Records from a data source
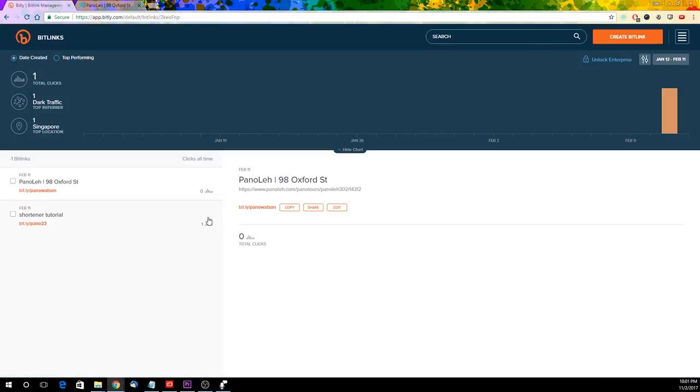Now, you can use the link generated for your SMS blast or sharing it on WhatsApp to your potential customers.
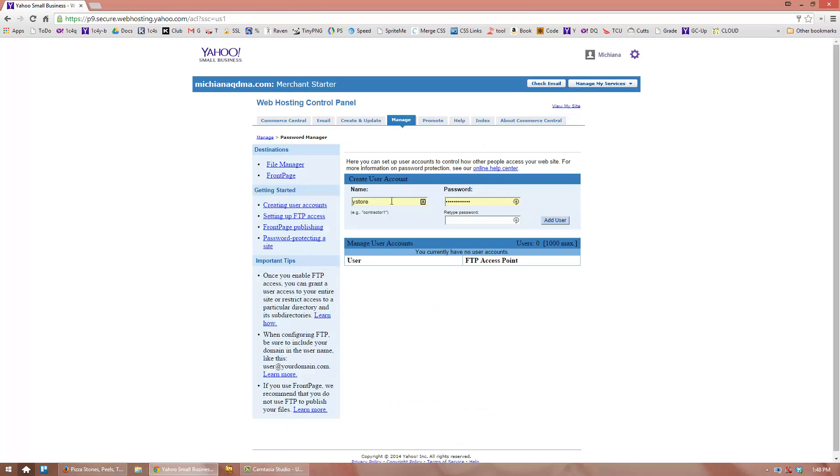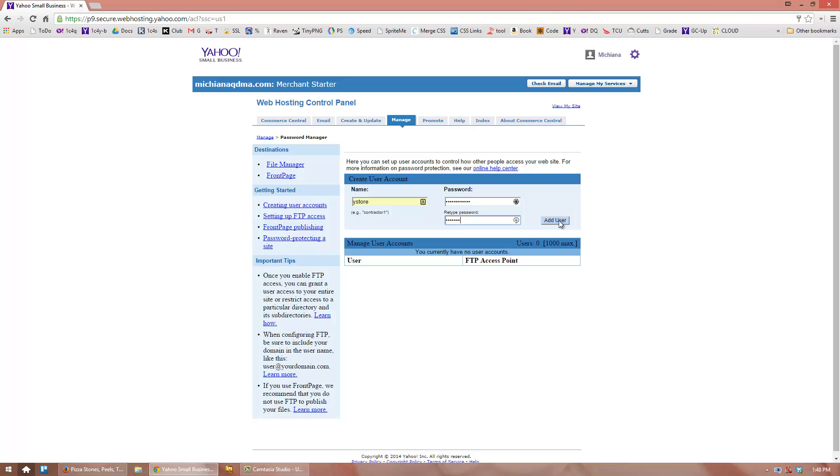For the name, enter Y Store—the letter Y, Store, S-T-O-R-E. And for the password, please use the password that was sent to you in the email. And then click on Add User.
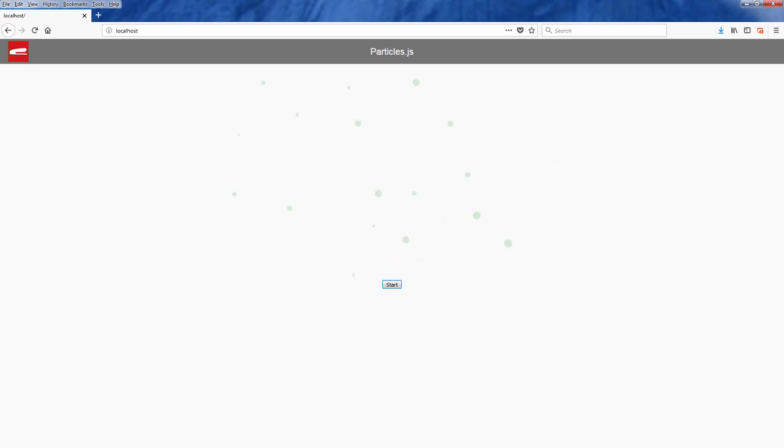You can also make changes to the particle options on the fly. Let's create an update button for this.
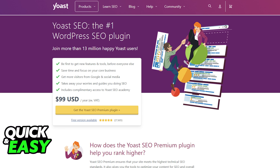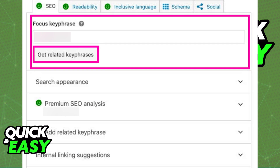I'm going to teach you how to set up focus keyphrases for any posts or anything that you have on a WordPress-related website. I'm not going to go over how to install and set up Yoast SEO, so I'm just going to assume that everything is good to go and you have the latest version of the plugin installed for WordPress. Once you are ready, all you have to do is go to the specific post or page editor where you want to input the focus keyphrase.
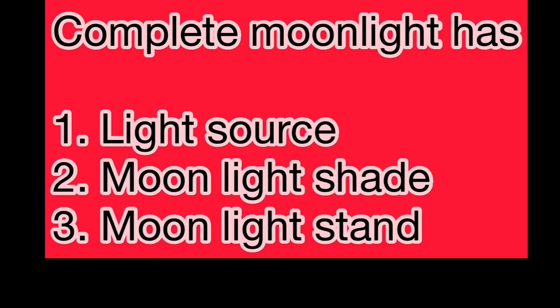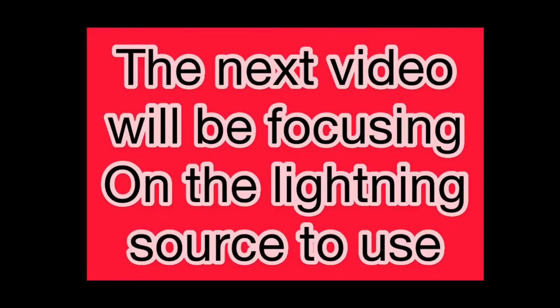A complete moonlight has a light source, moonlight shade, and moonlight stand. Once you have the light source, that's where you start. That's the main issue when you start making your moonlight. So I'll guide you through in the next video - the moonlight shade, how to get it, and the moonlight stand, how to get it free of charge.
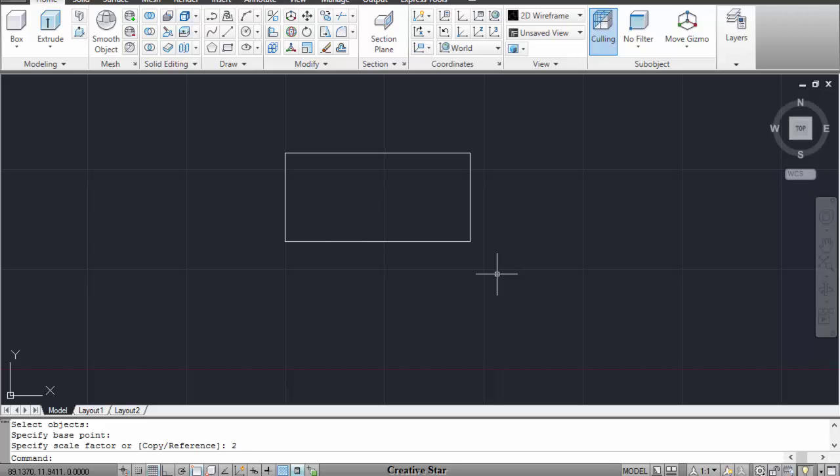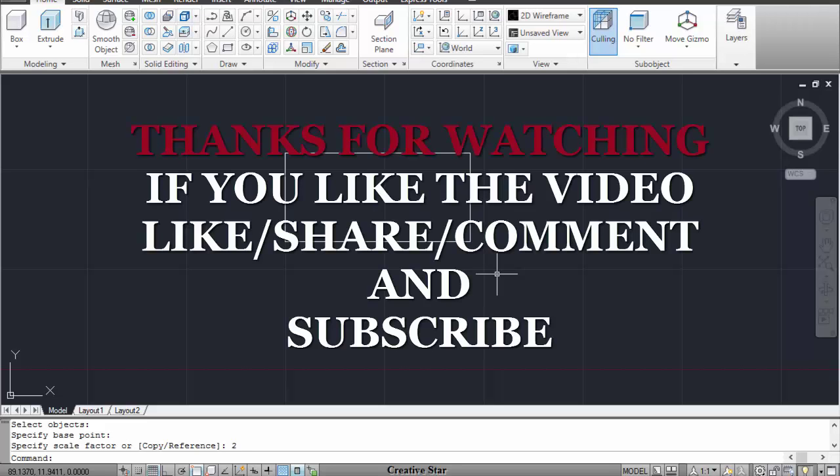Thank you for watching my video. If you like my video please like, comment, share and subscribe to my channel. Thank you.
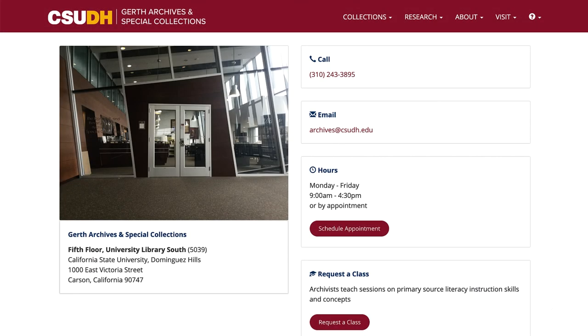Visit us on the fifth floor of the library to view materials during our regular hours, or schedule an appointment ahead of time.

**What to do**
Could you repeat the data exactly, omitting its pictures?

**Task result**
Now, you can use the link generated for your SMS blast or sharing it on WhatsApp to your potential customers.
For the name, enter Y Store—the letter Y, Store, S-T-O-R-E. And for the password, please use the password that was sent to you in the email. And then click on Add User.
You can also make changes to the particle options on the fly. Let's create an update button for this.
I'm going to teach you how to set up focus keyphrases for any posts or anything that you have on a WordPress-related website. I'm not going to go over how to install and set up Yoast SEO, so I'm just going to assume that everything is good to go and you have the latest version of the plugin installed for WordPress. Once you are ready, all you have to do is go to the specific post or page editor where you want to input the focus keyphrase.
A complete moonlight has a light source, moonlight shade, and moonlight stand. Once you have the light source, that's where you start. That's the main issue when you start making your moonlight. So I'll guide you through in the next video - the moonlight shade, how to get it, and the moonlight stand, how to get it free of charge.
Thank you for watching my video. If you like my video please like, comment, share and subscribe to my channel. Thank you.
Visit us on the fifth floor of the library to view materials during our regular hours, or schedule an appointment ahead of time.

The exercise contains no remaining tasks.